Grève nationale du 13 février: Liège, ville morte?

Le travail sera à l'arrêt dans de très nombreuses entreprises liégeoises, tous secteurs confondus, à l'occasion de la journée de grève nationale le 13 février prochain. Les travailleurs revendiquent notamment de meilleures conditions salariales, annoncent vendredi la CSC Liège-Verviers-Ostbelgien et la FGTB Liège-Huy-Waremme dans un communiqué commun.

De l'industrie aux administrations et aux transports en commun en passant par la logistique et la construction, la grève s'annonce soutenue en région liégeoise. Selon les organisations syndicales, le secteur non-marchand sera également fortement touché et une action spécifique visera les hautes écoles d'enseignement pédagogique.

A titre d'exemple, l'organisme de contrôle aérien Skeyes (anciennement Belgocontrol) a déposé un préavis de grève tandis que le mot d'ordre de fermeture est donné pour les galeries et grandes enseignes commerciales.

La distribution du courrier sera également perturbée.

Les citoyens qui, chaque jour, travaillent dur (...) devraient donc se contenter d'un petit 0,8% alors qu'aucun plafond n'a été fixé pour les dividendes accordés aux actionnaires.

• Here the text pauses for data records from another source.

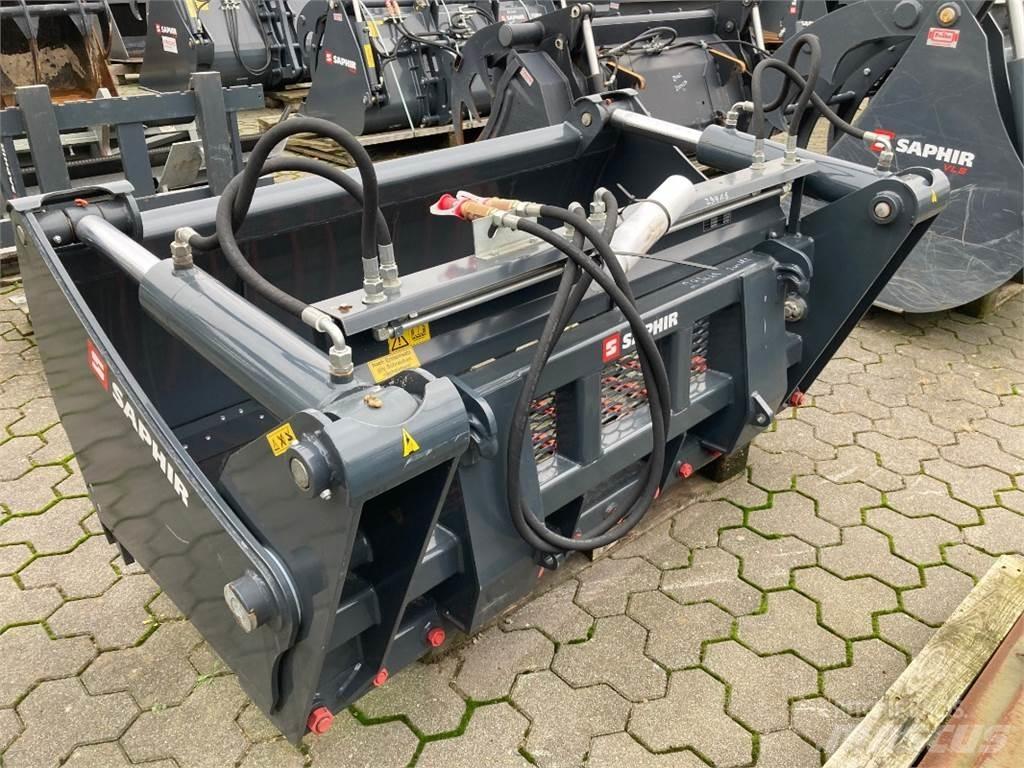 Saphir SSZE 178 ماكينات زراعية أخرى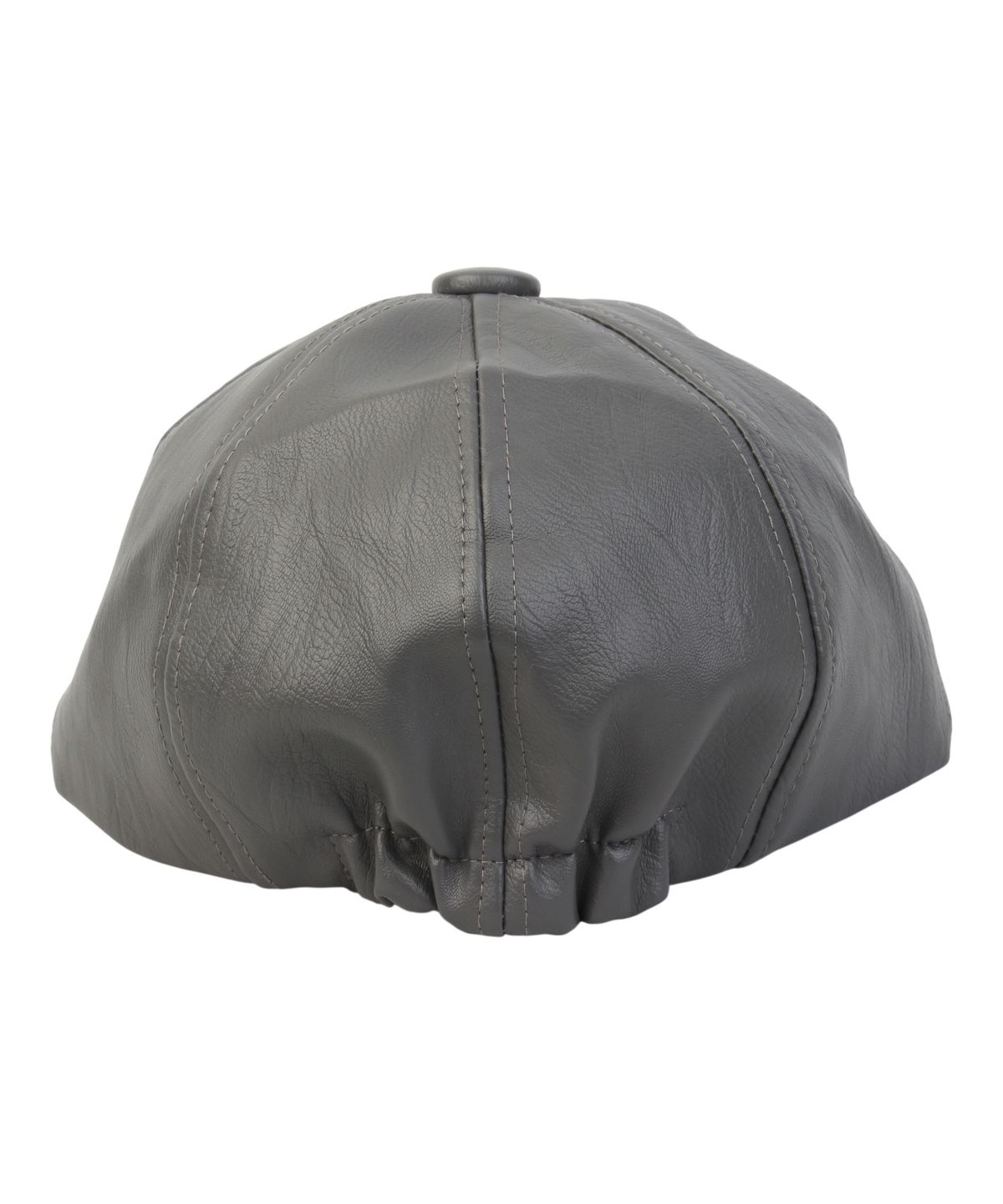 유니버셜 케미스트리(UNIVERSAL CHEMISTRY) Leather Gray Banding Huntingcap 헌팅캡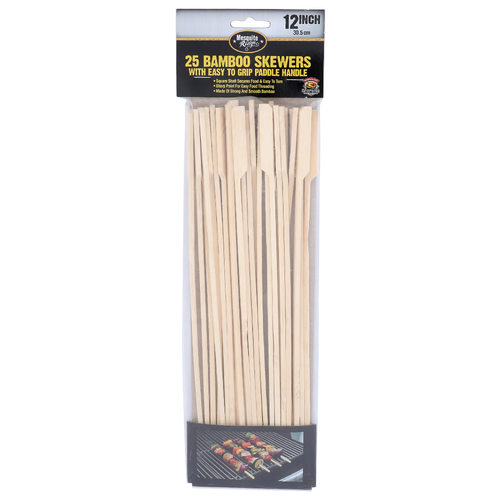 Mesquite Ridge Skewers - 25 Count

Les travailleurs exprimeront leur mécontentement aux organisations patronales ainsi qu'au gouvernement fédéral vis-à-vis de la nouvelle loi salariale. "Celle-ci comporte énormément de dispositions contestables dont nous voyons les résultats aujourd'hui", dénoncent Jean-Marc Namotte, secrétaire fédéral CSC Liège-Verviers-Ostbelgien et Jean-François Ramquet, secrétaire fédéral FGTB Liège-Huy-Waremme.

"D'après les calculs effectués sur la base de la loi salariale précédente, la marge d'augmentation salariale aurait dû être de 1,8%. Or, la loi actuelle limite cette augmentation à 0,8% notamment parce qu'elle interdit, lors du calcul de la marge salariale, de tenir compte des réductions de cotisations et des subsides salariaux accordés aux entreprises. Les citoyens qui, chaque jour, travaillent dur pour gagner leur croûte et rémunérer les actionnaires devraient donc se contenter d'un petit 0,8% alors qu'aucun plafond n'a été fixé pour les dividendes accordés aux actionnaires." Dans de telles conditions, les syndicats ajoutent qu'aucun accord interprofessionnel n'est possible à ce stade. "Il s'agit aussi de trouver des réponses concrètes pour augmenter le salaire minimum et les allocations sociales les plus basses, pour redéfinir un cadre pour des fins de carrière décentes, pour améliorer les possibilités de combinaison entre le travail et la vie privée et améliorer la mobilité dans notre pays."